After he died in 2010, Fisher inherited Eddie’s large diamond pinky ring. She and her siblings Joely and Tricia believed the jewelry was worth thousands. Then Fisher discovered the stone was, fittingly, a fake. “He genuinely meant to give bona fide diamonds of only the finest color, cut, and clarity,” Fisher writes. “Ultimately [he] was only able to offer cubic zirconium.”
The Best We Can Do
“When you are a survivor, in order to be a really good one, you have to keep getting in trouble to show off your gift,” Fisher writes in Wishful Drinking.
Fisher would valiantly struggle and thrive, with long periods of sobriety in between occasional relapses. She also worked tirelessly on her mental health, and in later years found enormous relief in electroconvulsive therapy, which she promotes extensively in Shockaholic. “ECT has forced me to rediscover what amounts to the sum total of my life,” she writes. “I find that a helluva lot of it fills me with a kind of giddy gratitude.”

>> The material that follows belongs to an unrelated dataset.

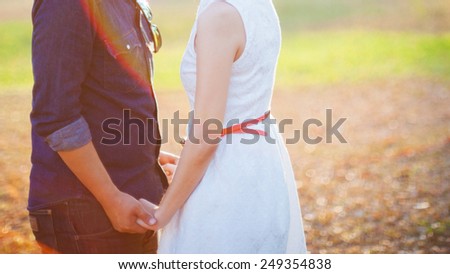 Young couple in love walking in the autumn park holding hands in the sunset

A famous party thrower who filled her home with Hollywood friends and family, Fisher seems to have found many moments of joy despite the challenges she faced. And most importantly, she never lost her belief in the power of humor. When Billie told her mother that she also wanted to be a writer, Carrie had some advice:
“I say…’you have tons of material. Your mother is a manic-depressive drug addict, your father is gay, your grandmother tap dances, and your grandfather shot speed!’ And my daughter laughs and laughs and laughs, and I say, ‘Baby, the fact you know that’s funny is going to save your whole life.’’’
As always, Fisher’s mother and brother were there offering support in their own zany way. “She was upset about my drug addiction—what mother wouldn’t be,” Fisher writes. “But on some level she wasn’t as upset as she was with my failure to do a nightclub act.”
Carrie Fisher died on December 27, 2016, of cardiac arrest after a drug relapse. Debbie Reynolds died the next day. Always fascinated by death, Fisher had already pictured the media coverage surrounding her demise, with typical irony and wit. As she wrote in Shockaholic:
“What you’ll have of me after I journey to that great Death Star in the sky is an extremely accomplished daughter, a few books, and a picture of a stern-looking girl wearing some kind of metal bikini lounging on a giant drooling squid, behind a newscaster informing you of the passing of Princess Leia after a long battle with her head.”